Facciamo appello ad aderire al CNNN: aderire non significa sciogliere gli organismi nel coordinamento ma rafforzare ognuno la propria organizzazione attraverso lo scambio di esperienze e la mobilitazione su parole d’ordine comuni, significa mettere al centro il nemico comune e rafforzare il nostro campo costruendo un’alternativa reale.
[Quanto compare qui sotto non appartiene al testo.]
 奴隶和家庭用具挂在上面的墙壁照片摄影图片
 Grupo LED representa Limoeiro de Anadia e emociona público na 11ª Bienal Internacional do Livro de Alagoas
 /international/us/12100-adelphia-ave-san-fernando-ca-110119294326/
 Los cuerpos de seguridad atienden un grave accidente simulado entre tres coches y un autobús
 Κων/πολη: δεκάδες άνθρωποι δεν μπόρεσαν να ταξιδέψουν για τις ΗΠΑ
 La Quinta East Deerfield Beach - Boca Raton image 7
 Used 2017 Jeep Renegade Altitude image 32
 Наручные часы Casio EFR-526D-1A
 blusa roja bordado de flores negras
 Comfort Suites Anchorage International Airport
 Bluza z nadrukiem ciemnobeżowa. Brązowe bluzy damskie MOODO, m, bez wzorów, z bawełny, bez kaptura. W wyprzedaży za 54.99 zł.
Nel nostro paese l’opposizione alla guerra, è diffusa e capillare, è vivace e può trasformarsi in mobilitazione generale per cambiare il corso delle cose, per interrompere la spirale della Terza guerra mondiale e far saltare i piani dei guerrafondai e dei loro soci. In questo contesto, ruolo centrale lo giocano i lavoratori e le lavoratrici: dell’istruzione, portuali e aeroportuali, della logistica, metalmeccanici e di ogni altro settore, la cui mobilitazione serve a fermare gli ingranaggi di guerra ad ogni livello, mobilitazione che dobbiamo sostenere ed estendere. La linea tracciata da Usa, Nato, sionisti d’Israele e UE è quella di allargare la guerra a tutti quei paesi che oggi non si sottomettono alla loro volontà. Fermare la Terza guerra mondiale non è un obiettivo a lungo termine, per cui lottare quando il missile cade nel proprio giardino: è l’obiettivo immediato su cui costruire un fronte di lotta, coordinando e valorizzando tutte le iniziative e mobilitazioni già in corso.